Орудиями внутреннего порядка были не регулярные войска, а бригады верных добровольцев, известные как Добровольческий корпус – Фрайкорпс. Бывший учитель Дёница, фон Лёвенфельд, создал одну из них в Киле, и в июле, когда Дёниц прибыл домой, эта бригада уже завоевала себе жуткую славу быстрыми и безжалостными расправами над коммунистами, забастовщиками, мародерами и бунтовщиками. Другие офицеры, шокированные всеми происшествиями и падением всяческой дисциплины в армии, подали в отставку; гораздо большее их число размышляло, смогут ли они вообще служить социалистической республике. Но на самых высоких уровнях решение о том, что офицерский корпус останется в строю и будет служить новому государству, было уже принято, хотя его исполнение все еще затягивалось. Тирпиц, например, пророчил новому режиму срок от одного до двух лет, прежде чем против него начнется мощная реакция. Другие полагали, что именно они и будут направлять эту реакцию, устроят переворот и реставрируют монархию.
Эти топтания на месте были определены как «верность немецкому народу», которому после того, как он оправится после его нынешних, временных неудач, потребуется мощный флот для выполнения своей исторической миссии. Ничего не изменилось. Новый глава флота, адмирал Адольф фон Трота, горячий приверженец Тирпица, был одним из ведущих вдохновителей плана послать флот на честную смерть. И 21 июня 1919 года, когда мирный договор должен был быть подписан в Версале, благодаря ему на некоторых судах, бросивших якорь у Скапа-Флоу, ради спасения чести германского флота открыли кингстоны. Теперь он собирался взращивать семена нового флота «так, чтобы, когда придет время, из них выросло мощное дерево». По мирному договору ему оставляли лишь минимум – шесть старых линейных крейсеров, шесть простых крейсеров, двенадцать эсминцев и двенадцать торпедоносцев, при абсолютном запрете на подводные лодки и морскую авиацию; соответственно, его ближайшие устремления могли касаться только работы с личным составом. Необходимо было восстановить дисциплину и гордость, создать ядро верных офицеров, которые смогли бы возглавить флот в будущем. По условиям мирного договора ему позволялось иметь всего 1500 офицеров, так что предстояло отобрать лишь лучших и самых верных.

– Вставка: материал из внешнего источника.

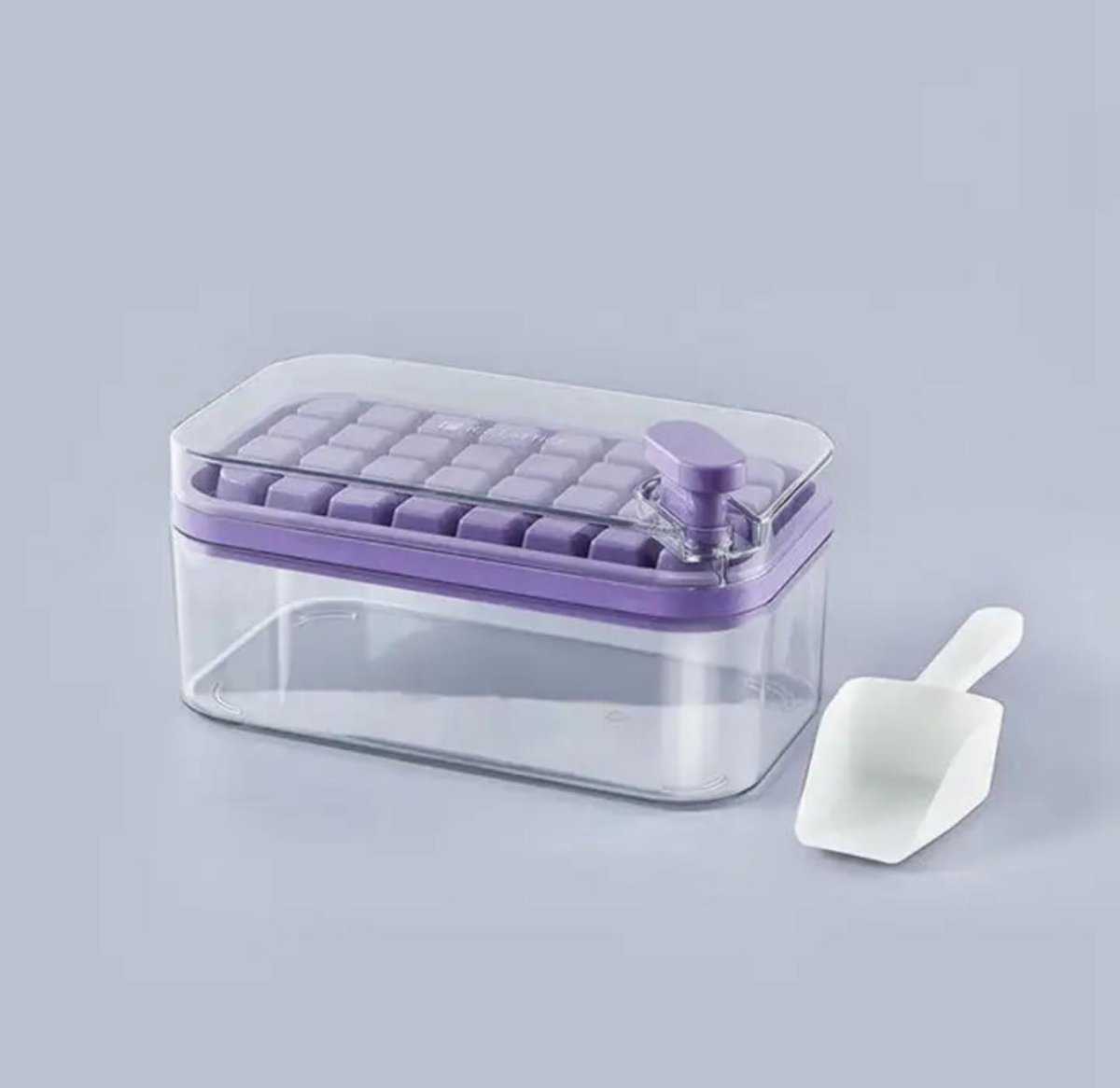 מיכל ויוצר קרח מבית - ICE CUBE MAKER | | אוזו - שופ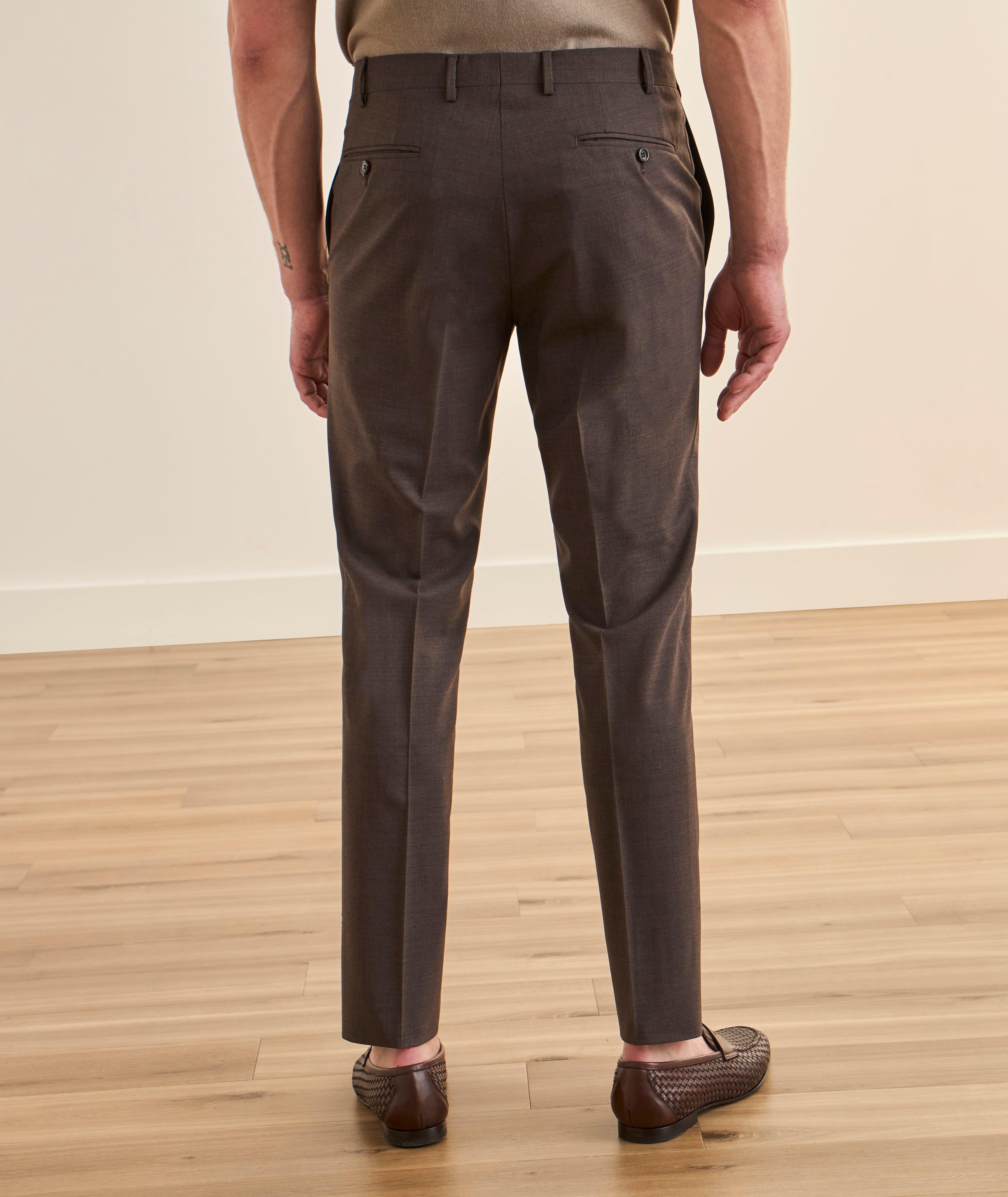 Pantalon habillé Kei laine extensible image 2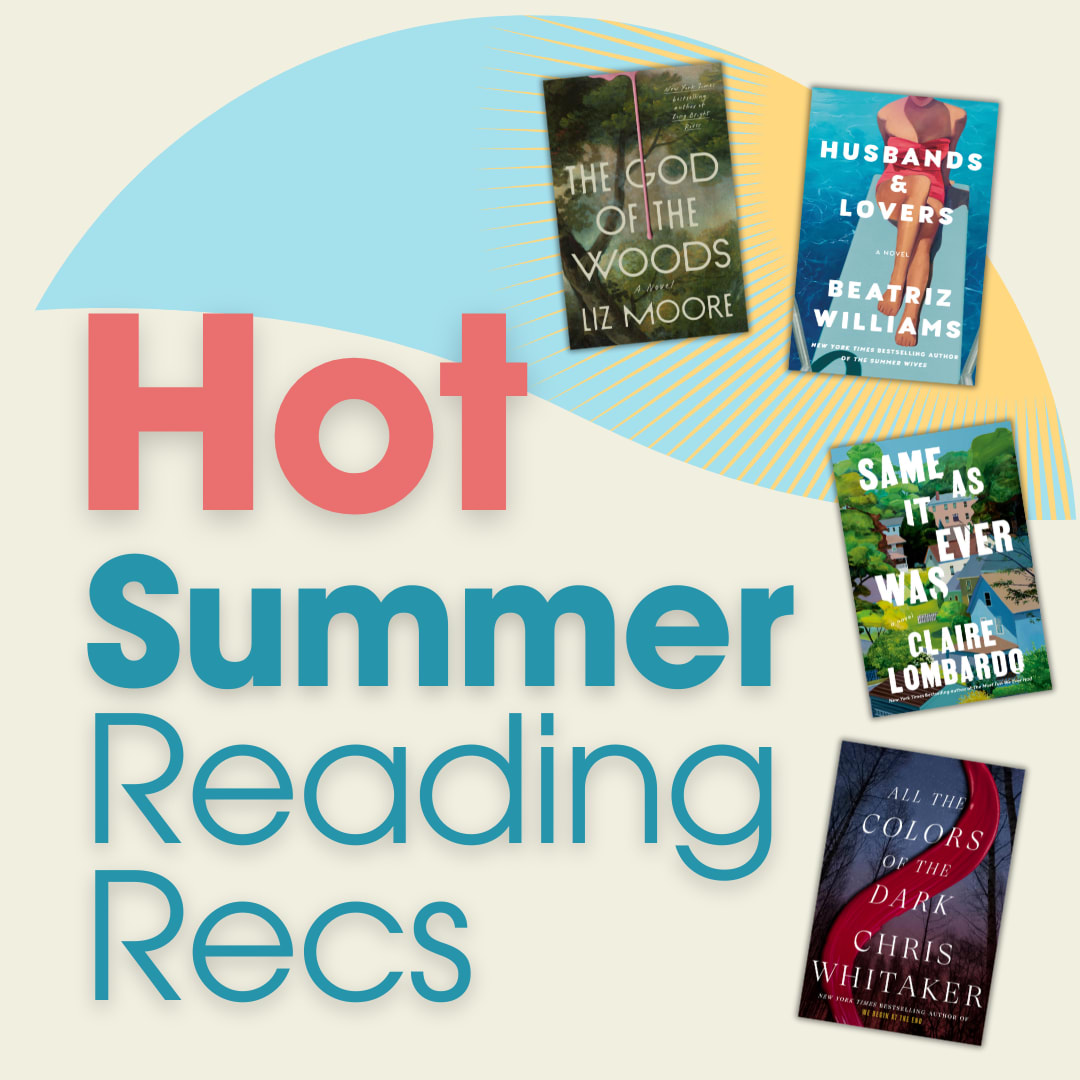 Hot Summer Reading Recs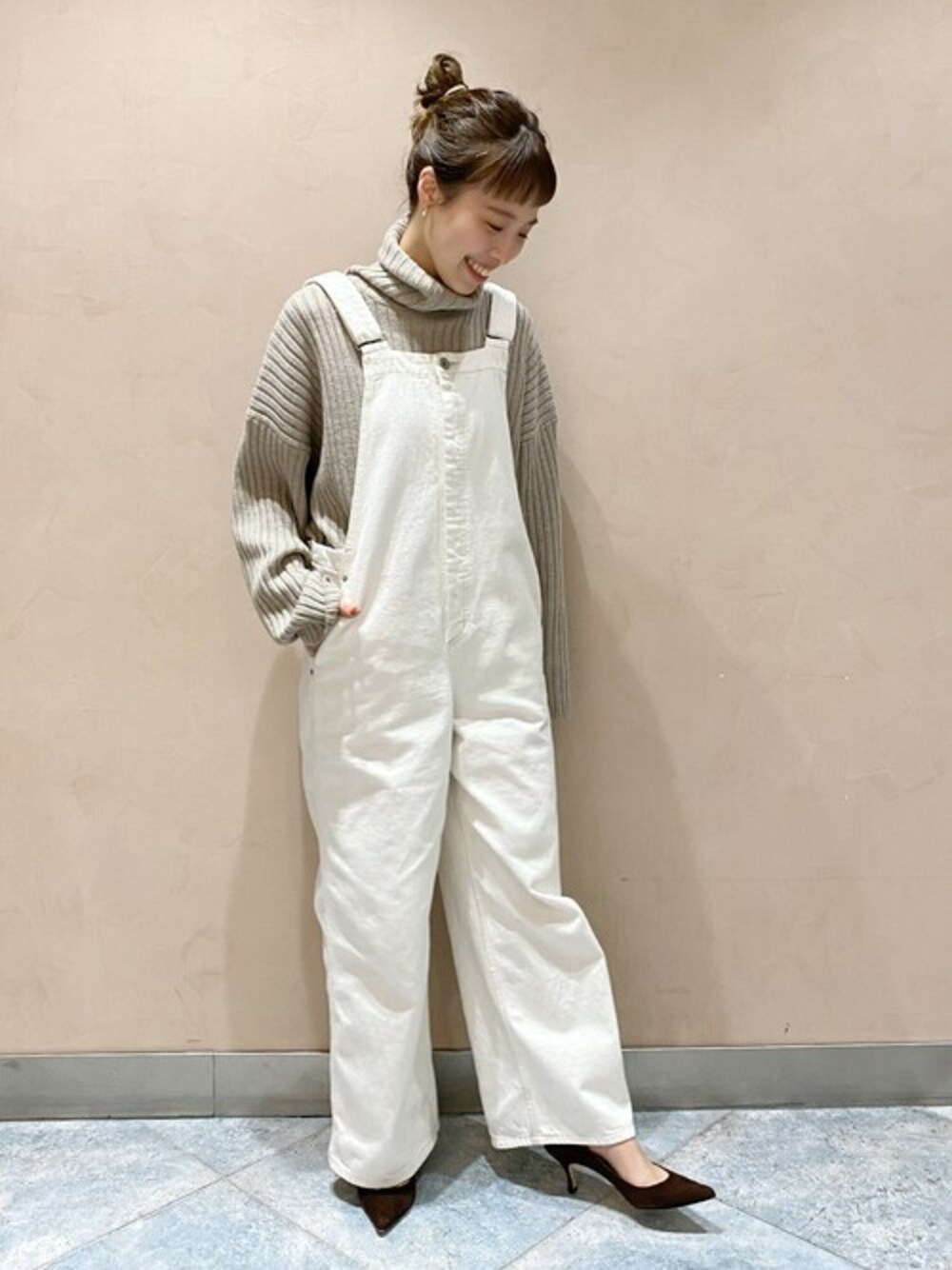 MAXI widerib turtle ニット plage（プラージュ）の「MAXI widerib turtle ニット◇（ニット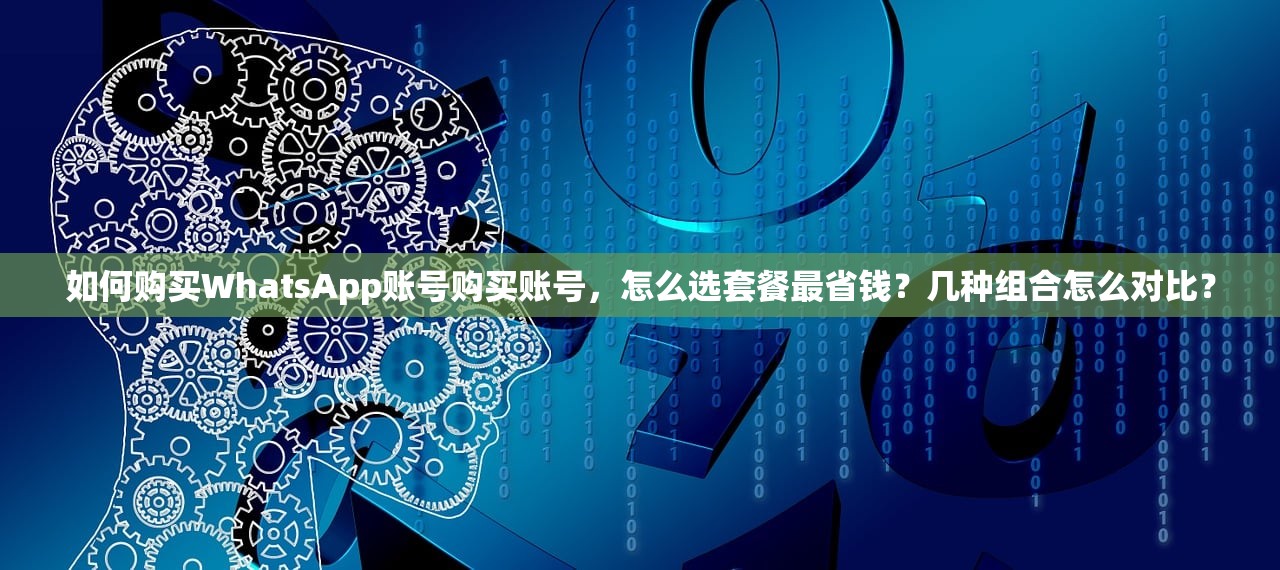 如何购买WhatsApp账号购买账号,怎么选套餐最省钱?几种组合怎么对比?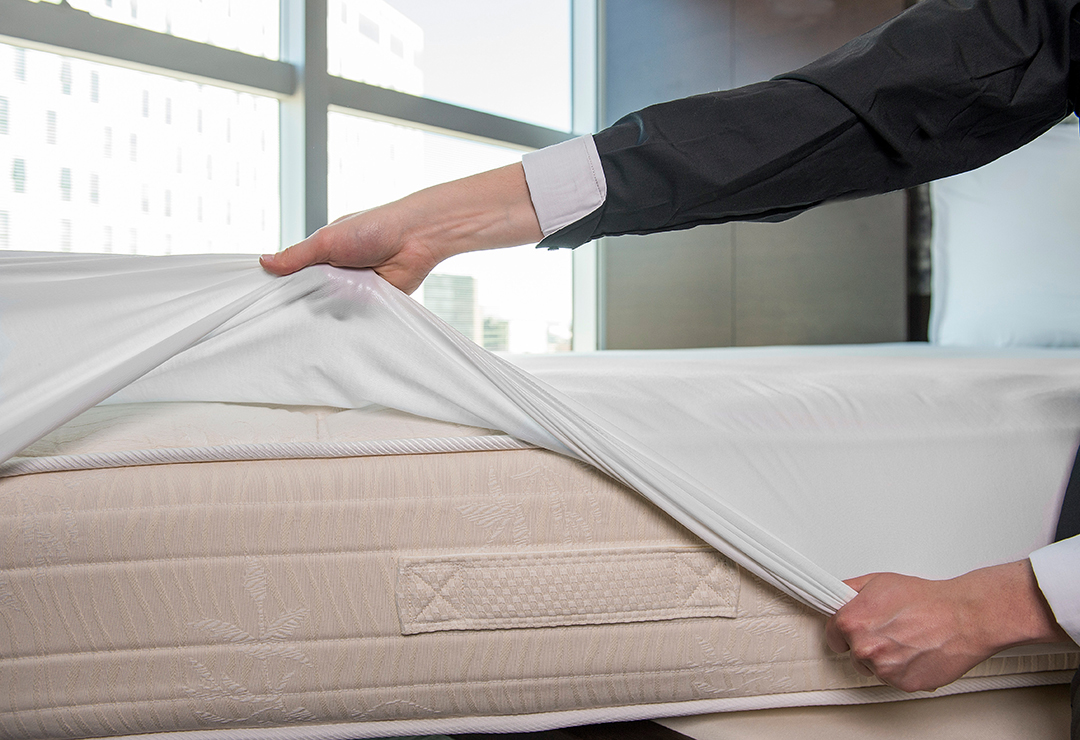 Der Pjama Matratzenschutz schützt das Bett und Ihre Gesundheit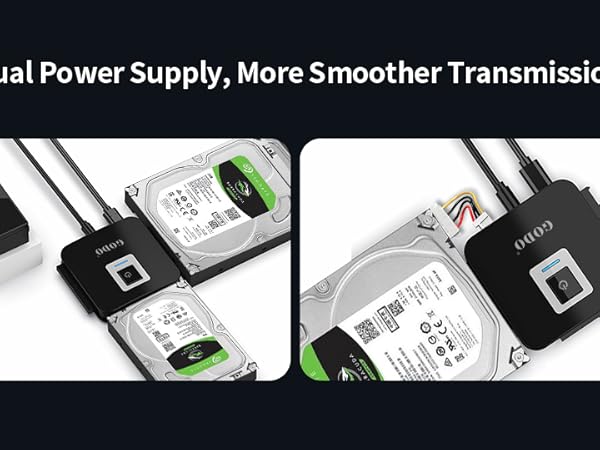 Dual power supply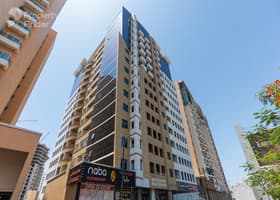 صورة لـ التصميم الخارجي للمبنى في دريم تاور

Такова была ситуация, когда Дёниц прибыл в июле на военно-морскую базу в Киль. Его вызвал к себе начальник отделения личного состава корветтен-капитан Отто Шульце, бывший командующий подводной флотилией в Средиземном море.
«Вы собираетесь остаться с нами, Дёниц?» – спросил Шульце.
«А вы думаете, что у нас снова будут подводные лодки?» «Конечно, я так думаю. Версальский запрет не продлится вечно. Через два года, я надеюсь, у нас снова будут подводные лодки».
Этот ответ, согласно мемуарам Дёница, окончательно решил вопрос, который он задавал сам себе, своим товарищам-офицерам и своей семье с самого момента возвращения: следует ему пойти на новый, республиканский флот или нет? Он решил это сделать, потому что, как он писал в мемуарах, стал «энтузиастом подлодок» и был «под очарованием этого уникального товарищества».
Тем не менее, разговор с Шульце кажется несколько необычным для того времени, ведь прошел всего месяц после подписания Версальского мира, запрещающего Германии иметь подводный флот, когда и обычный флот практически прекратил существование. Можно задаться вопросом: если Шульце действительно произнес те слова, которые Дёниц сорок лет спустя ему приписал, была ли это его собственная инициатива – увлечь фанатически верного и способного молодого офицера обратно под морской флаг, или он просто следовал официальной политике более высокого уровня?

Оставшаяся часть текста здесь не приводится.